İnsanoğlu, insan olmak için çalışmak ve üretmek, insan kalabilmek için de eğlenmek ve bilgelik biriktirmek durumundadır. İnsanoğlu dinsel ya da ulusal bayramların yanı sıra festival türü toplumsal bayramlar da yaşayarak eğlenir. Eğlenmenin çeşitli yol ve biçimleri icat edilmiştir. Toy, seyran, hıdırellez, koç katımı, nevruz, elfene… Buldukları her fırsatta insanlar eğlenmeye çalışmışlar, üretim ve eğlenceden bilgelik üretmiş, hayatın anlamını derinleştirmiş, yaşama sevinci elde ederek geleceğe umutla bakmış, hayatın zorluklarını güle oynaya karşılamışlardır.
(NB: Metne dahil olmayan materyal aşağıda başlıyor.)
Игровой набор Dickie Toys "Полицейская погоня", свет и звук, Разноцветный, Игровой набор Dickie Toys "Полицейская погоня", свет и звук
Çağ değişti. Binlerce yıldır köylerde yapılan eğlenceler artık yapılamaz hale geldi. İçinde bulunulan zaman diliminde köylerden şehirlere doğru yapılan göç ile birlikte eğlenceleri şehir ortam ve imkânlarına uyarlayamayınca, eğlence anlayışı değişti, bazı eğlenceler yapılamaz, şehir hayatına göre kültür yeniden üretilemez oldu.
Köyde harman yerinde davul zurna ile yapılan toylar bile şehirde yapılamıyor. Gençlerin en mutlu günleri apartmanların bodrum katlarındaki izbe salonlarda çirkin sesli elektronik hoparlörlerin gürültüsünde geçiştirilmektedir.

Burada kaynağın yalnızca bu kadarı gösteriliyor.